The Minister of Public Works and Infrastructure:

1. Since the presentation by the Department of Public Works and Infrastructure (DPWI) on the establishment of the Public Works Academy to the Portfolio Committee on Public Works and Infrastructure on the 21st August 2019, there was another session within the Department wherein officials made a presentation to the Minister of Public Works and Infrastructure. After the officials had made a presentation to the Minister about the Academy, and having taken into consideration the financial implications to establish such an Academy, and also in light of the cost-cutting measures that are being applied in the DPWI and in the Public Service as a whole, it was found as prudent to discontinue with the plan. However, the Skills Development (Technical Capacity Building) Programme, which the DPWI is busy with, will not be negatively impacted upon as there will be more focus and dedicated energy towards its roll-out. The DPWI has a dedicated Professional Services Branch to drive this work.

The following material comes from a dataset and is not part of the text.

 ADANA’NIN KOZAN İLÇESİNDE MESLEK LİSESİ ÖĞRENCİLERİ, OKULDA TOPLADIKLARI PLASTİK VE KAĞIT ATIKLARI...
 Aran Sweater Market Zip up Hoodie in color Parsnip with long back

(a) and (b) (i), (ii), (iii) and (iv) Fall away.

2. The State Technical Capacity Building Programme will partner with other Public Sector Academies, including the National School of Government and Higher Education Institutions for immediate access to Learning Programmes (contact and online) to enhance the Programme outcomes. Below link, please find a diagram depicting other partnerships to be entered into.

http://pmg-assets.s3-website-eu-west-1.amazonaws.com/RNW856State.pdf

Acronyms:

 

ECSA: Engineering Council of South Africa

SACAP: South African Council of Architectural Profession

SACLAP: South African Council of Landscape Architectural Profession

SACPCMP: South African Council for Project Construction Management Profession

SACQSP: South African Council of the Quantity Surveying Profession

SACPVP: South African Council for the Property Valuation Profession

SACPLAN: South African Council for Planners

SAGC: South African Geotechnical Council

IREM: Institute for Real Estate Management

SAFMA: South African Facilities Management Association

QCTO: Quality Council for Trade Occupations

NSG: National School of Government

FSTDI: Free State Training and Development Institute

MSTA: Maths, Science, and Technology Academy

SAPOA: South African Property Owners Association

GBSA: Green Building South Africa

VAs: Voluntary Associations

TVETs: Technical Vocational Education and Training (Colleges)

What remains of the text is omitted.